■ **Your assignment**
Beneath this instruction is a block of data; output from it exactly the lines that run from the one containing "HALARA Light Gray High-Waist Athletic Shorts" through the one containing "Spotkanie z Michałem", inclusive.

■ **Information provided**
· · ·
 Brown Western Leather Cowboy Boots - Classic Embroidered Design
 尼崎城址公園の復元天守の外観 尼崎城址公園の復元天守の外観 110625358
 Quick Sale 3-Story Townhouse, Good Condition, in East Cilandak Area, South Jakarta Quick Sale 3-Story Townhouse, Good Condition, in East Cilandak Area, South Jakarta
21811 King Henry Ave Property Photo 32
· · ·
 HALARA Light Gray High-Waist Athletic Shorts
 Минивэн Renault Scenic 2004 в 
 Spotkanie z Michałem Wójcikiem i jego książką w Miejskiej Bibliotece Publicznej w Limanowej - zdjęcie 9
· · ·
■ **Task output**
 HALARA Light Gray High-Waist Athletic Shorts
 Минивэн Renault Scenic 2004 в 
 Spotkanie z Michałem Wójcikiem i jego książką w Miejskiej Bibliotece Publicznej w Limanowej - zdjęcie 9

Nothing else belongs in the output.